米SEC、フェイスブック上場を調査へ 情報開示巡り
【NQNニューヨーク=滝口朋史】ロイター通信は22日、米証券取引委員会(SEC)が交流サイト(SNS)世界最大手の米フェイスブックの新規株式公開(IPO)の経緯について調査に乗り出すと報じた。上場を控えた投資家説明会の期間中に幹事証券会社のアナリストがフェイスブックの業績見通しを引き下げ、それを一部投資家だけに伝えたとの見方が出ており、SECは上場前の情報開示手法を問題視しているという。
報道によるとSECのシャピロ委員長はこの日、記者団に対し、株式市場の信頼を保つためフェイスブック上場に絡んで「調べるべき問題がある」と述べた。米証券業界の自主規制機関である米金融取引業規制機構(FINRA)の首脳も「事実であれば規制に抵触するおそれがある」との認識を示した。
ロイターによると、上場事務を取り仕切る幹事証券である米モルガン・スタンレーのアナリストがフェイスブックの上場直前に売上高見通しを下方修正。
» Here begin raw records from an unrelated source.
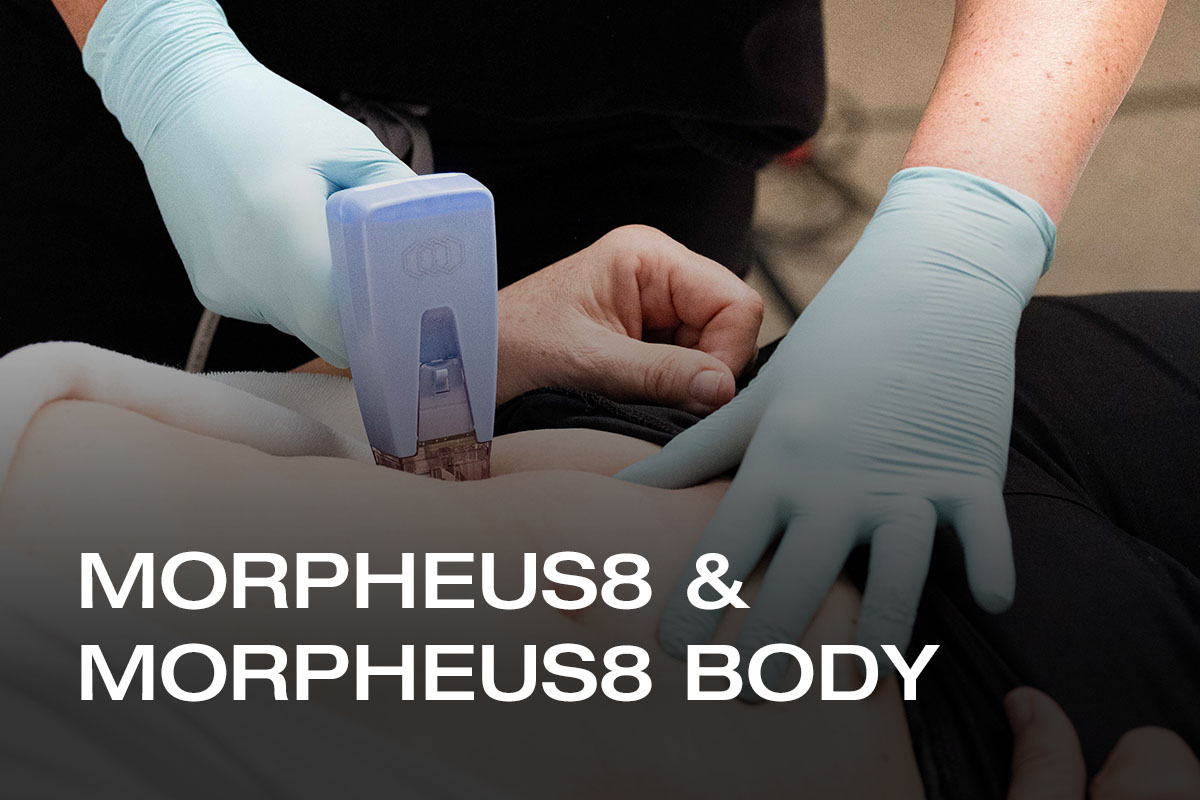 Morpheus8 & Morpheus8 BODY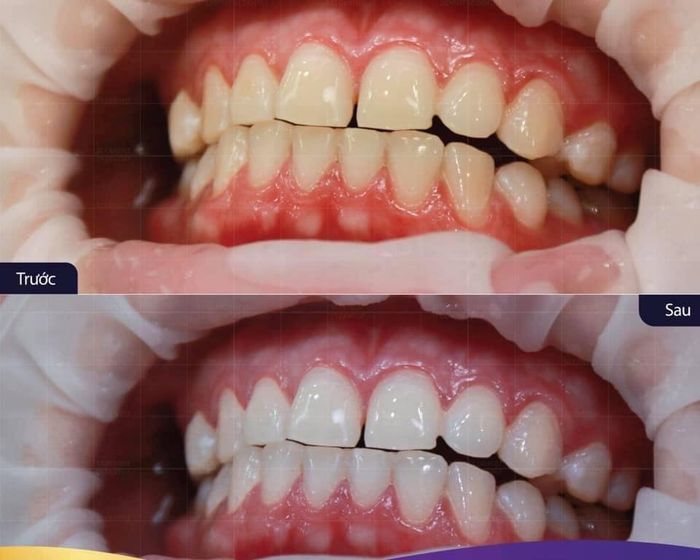 Không gian hiện đại tại Nha Khoa Duy Hưng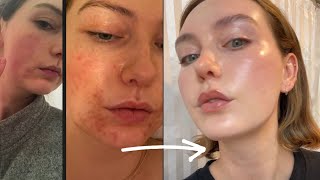 From rosacea + acne to glass skin - this skincare works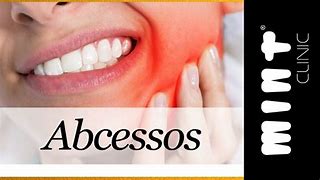 Image result for abeceso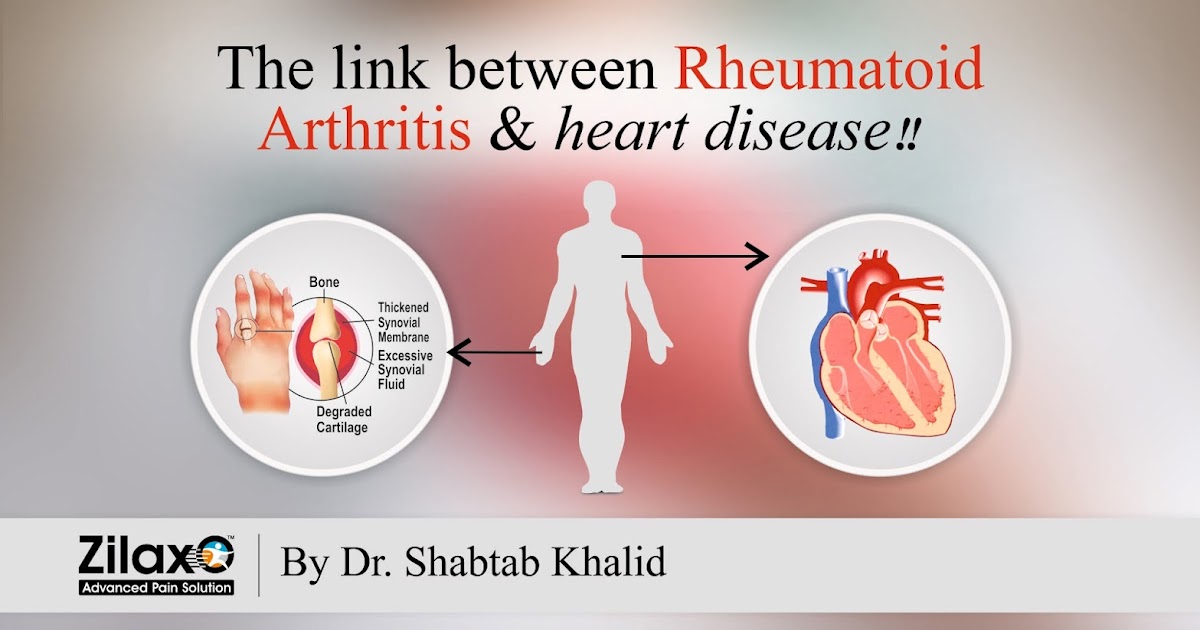 Zilaxo Advanced Pain Solution The Link Between Rheumatoid Arthritis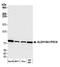 Aldehyde Dehydrogenase 18 Family Member A1 antibody, A304-803A, Bethyl Labs, Western Blot image 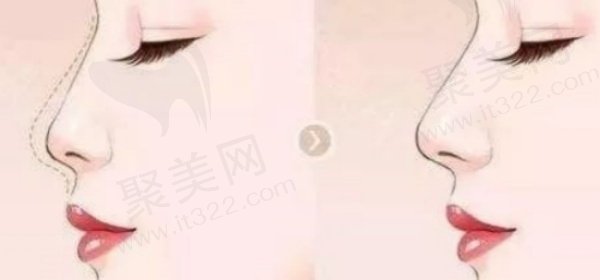 郑州东方吴振做鼻子实例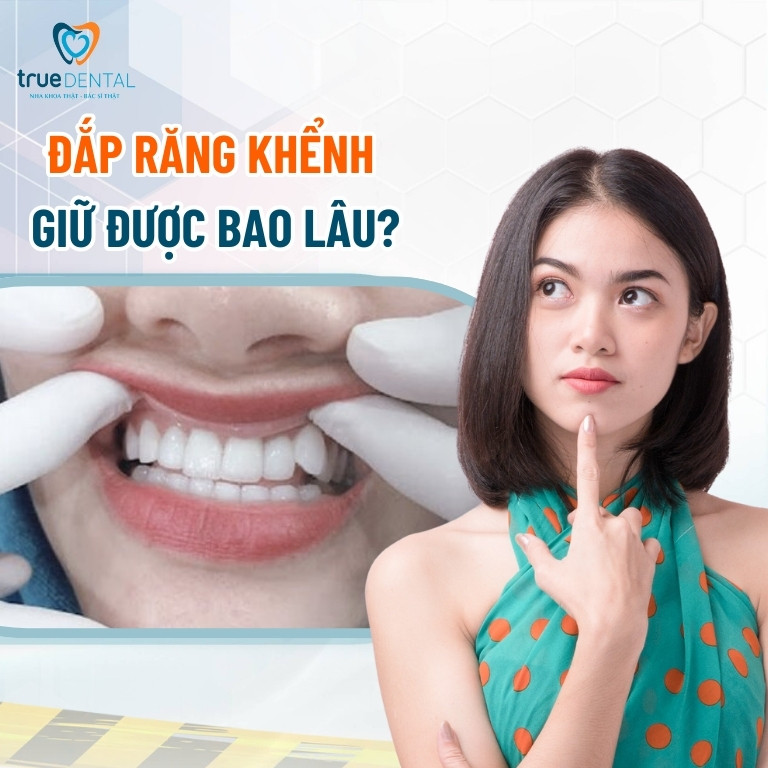 Đắp răng khểnh giữ được bao lâu?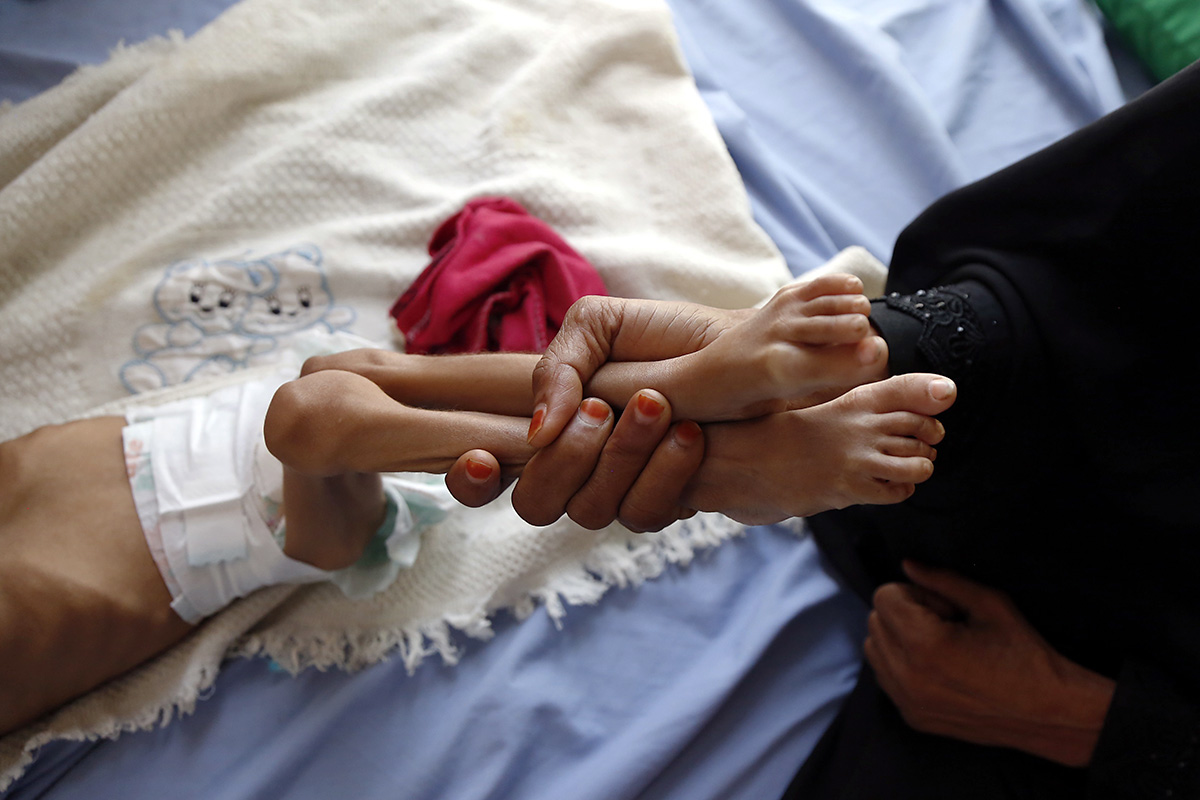 Гражданская война в Йемене продолжается три года. Повстанцы хуситы, поддерживаемые Ираном, захватили большую часть страны, включая столицу Сану. В 2015 году к войне присоединились Саудовская Аравия и ее союзники, среди которых Объединенные Арабские Эмираты (ОАЭ). На фото: ребенок на осмотре в больнице в йеменской провинции Хадджа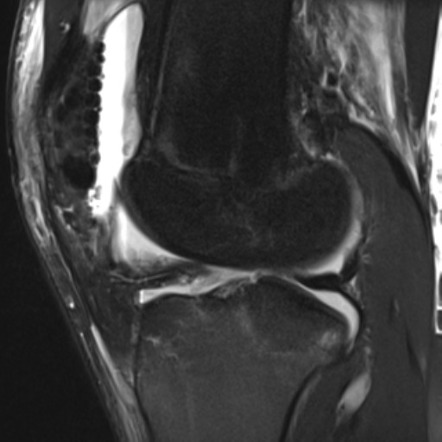 Medial femoral condyle fracture associated with lipohemarthrosis and ...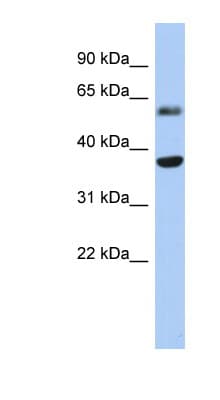 RDH10 Antibody (aa71-120)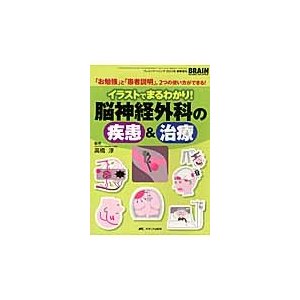 イラストでまるわかり 脳神経外科の疾患 治療 お勉強 と 患者説明 ,2つの使い方ができる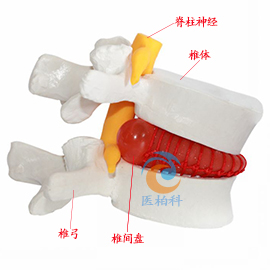 腰椎间盘突出演示模型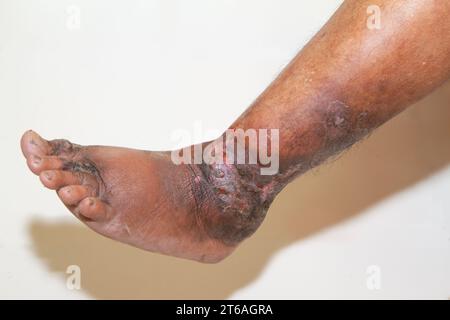 Nahaufnahme der Beine einer Frau mit chronischer Psoriasis auf weißem Hintergrund. Nahaufnahme von Hautausschlag und Schuppenbildung auf der Haut des Patienten. Dermatologisch Stockfoto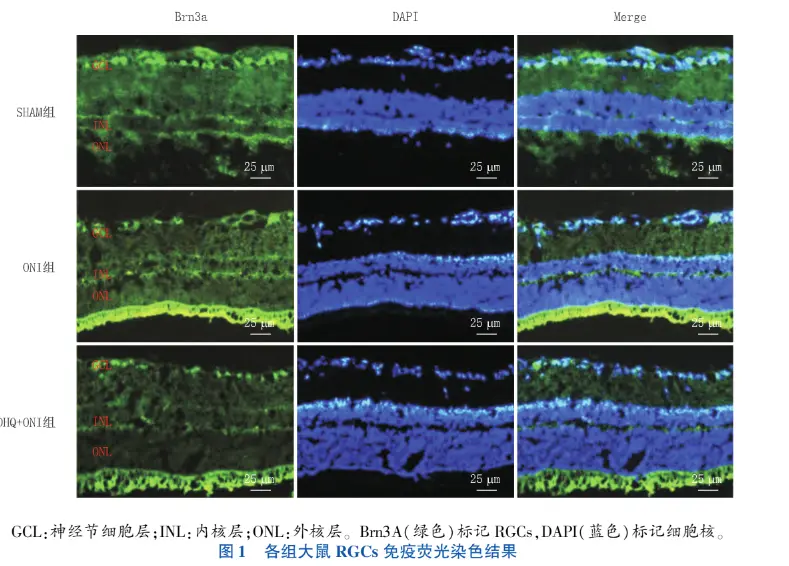 Immunofluorescence staining results of RGCs in each group of rats Immunofluorescence staining results of RGCs in each group of rats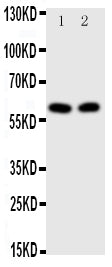 Anti-Transcription factor E2F1 E2F1 Antibody Picoband® Boster Bio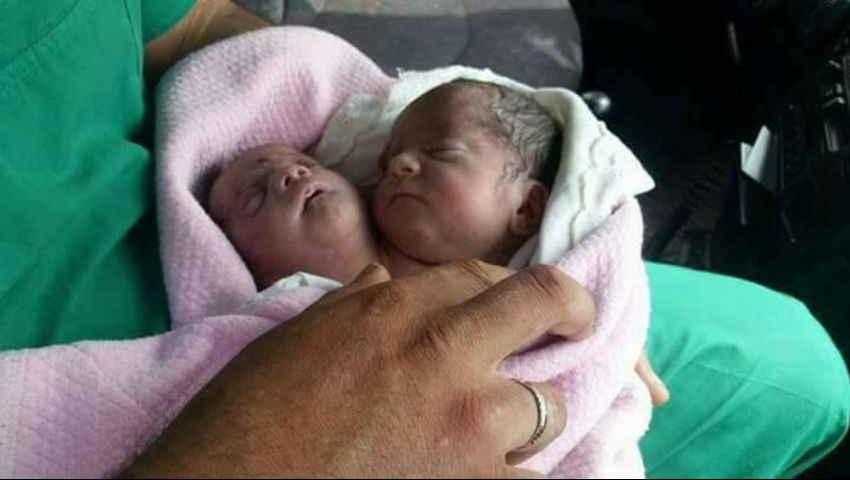 حالة طبية نادرة في إدلب بسوريا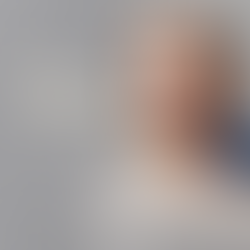 Ácido hialurônico e a restauração dos pilares faciais.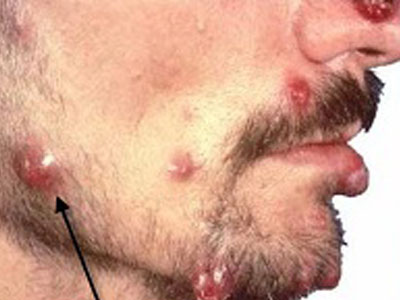Basiller Anjiyomatozis (Bacillar Angiomatosis)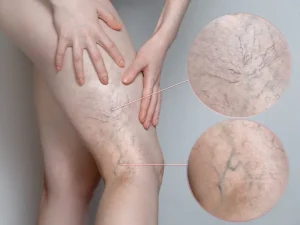 تفاوت واریس سطحی و عمقی (DVT) - دکتر فریبا هندسی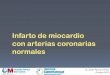 Infarto de miocardio con arterias coronarias normales · Infarto de miocardio con arterias coronarias normales Dr. Julián Palacios Rubio Octubre 2012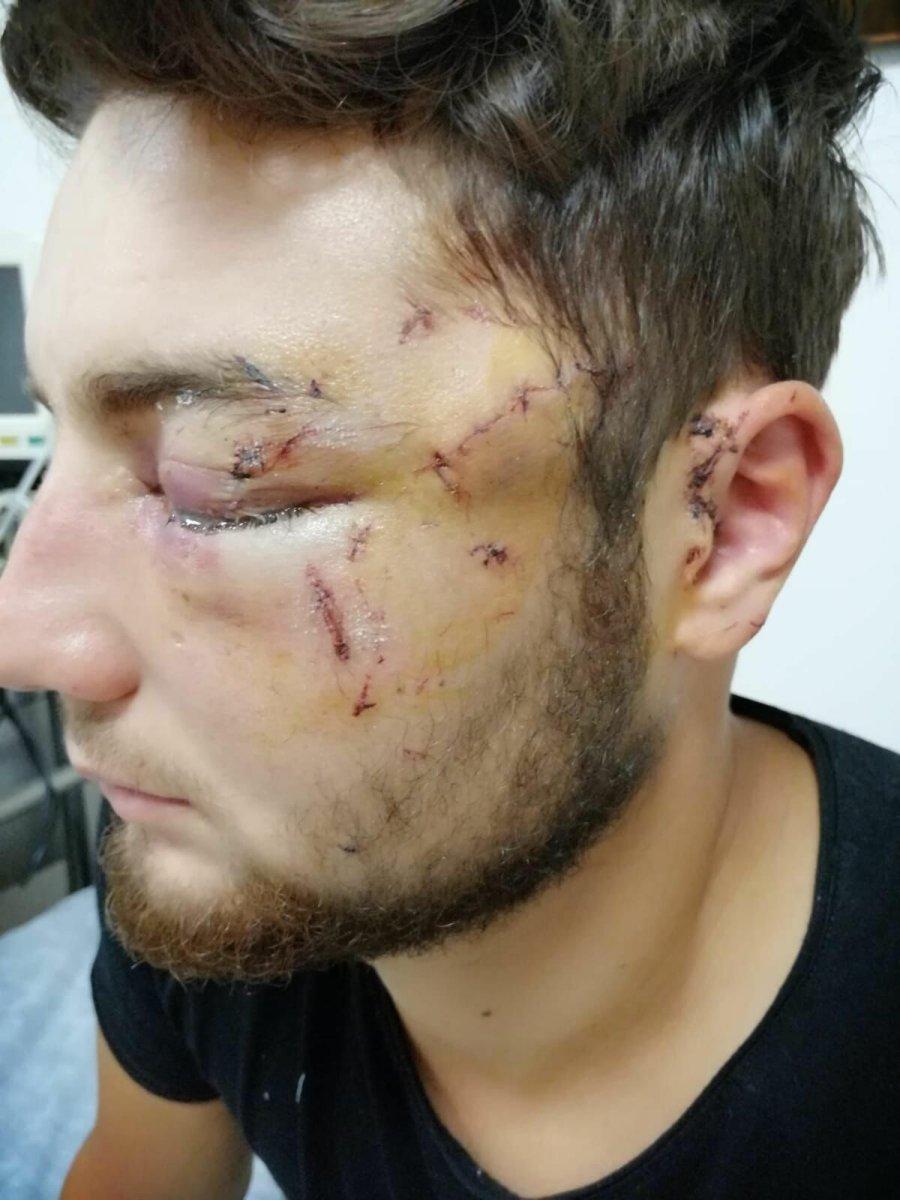 İzmir’de kavgayı ayırmak isterken gözünü kaybetti, adalet bekliyor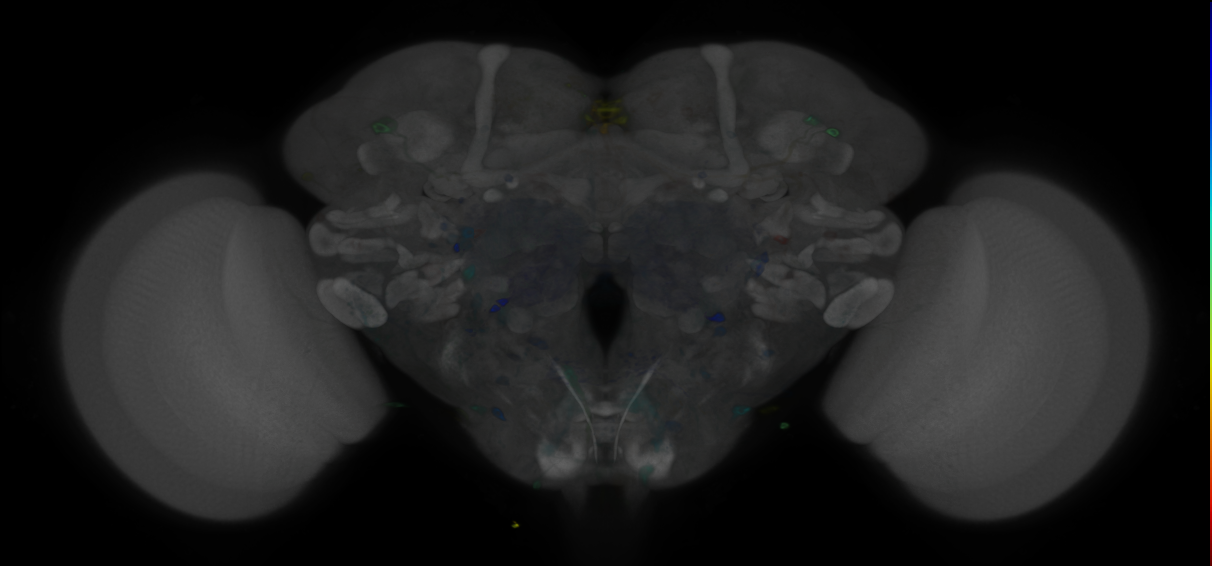P{VT036266-GAL4} expression pattern
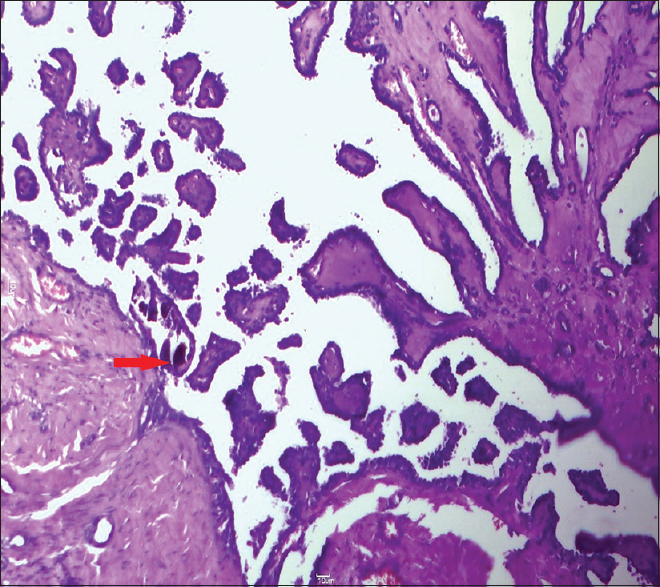 Microphotograph showing papillary projections with broad fibrovascular core along with presence of psammoma bodies in the core of papillae (red arrow) (H and E, ×400)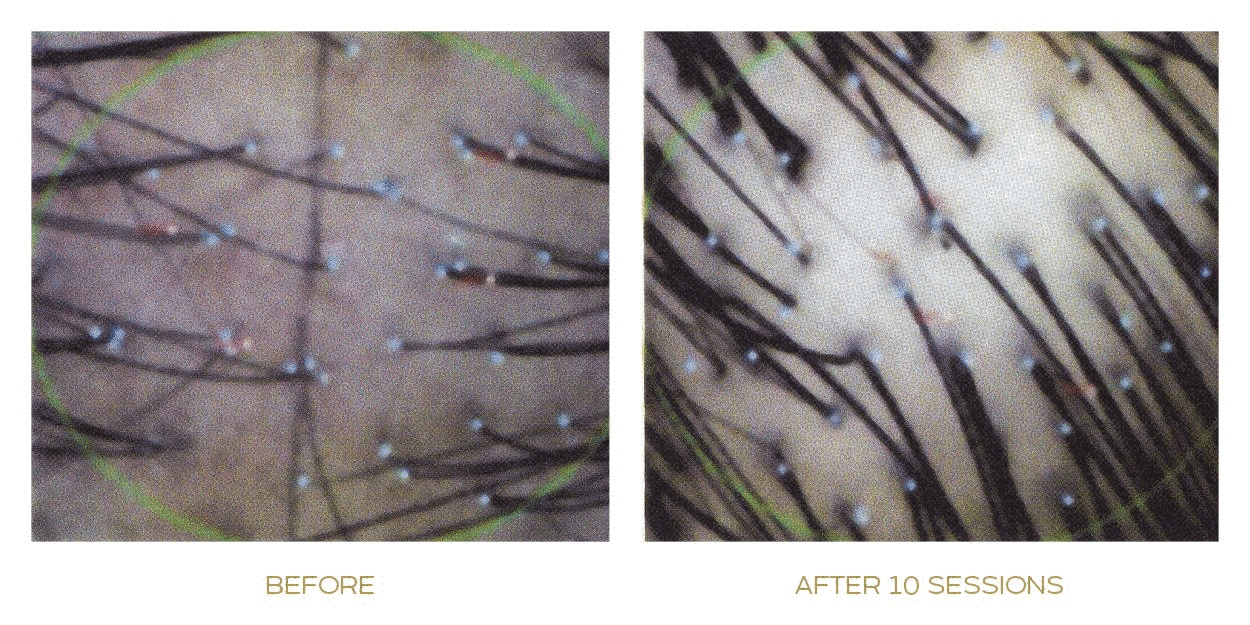 papilla haircare treatment before after real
別の幹事証券のJPモルガン・チェースとゴールドマン・サックスも投資家説明会の期間中に見通しを変更したという。米ウォール・ストリート・ジャーナル紙(電子版)は業績の見直しを把握していた投資家とそうでない投資家があったと報道。重要情報の伝達で不公平な状況が発生していた公算が大きい。
フェイスブックの上場を巡っては、初日の18日に発生した取引システム障害について別途SECが調査に乗り出す構え。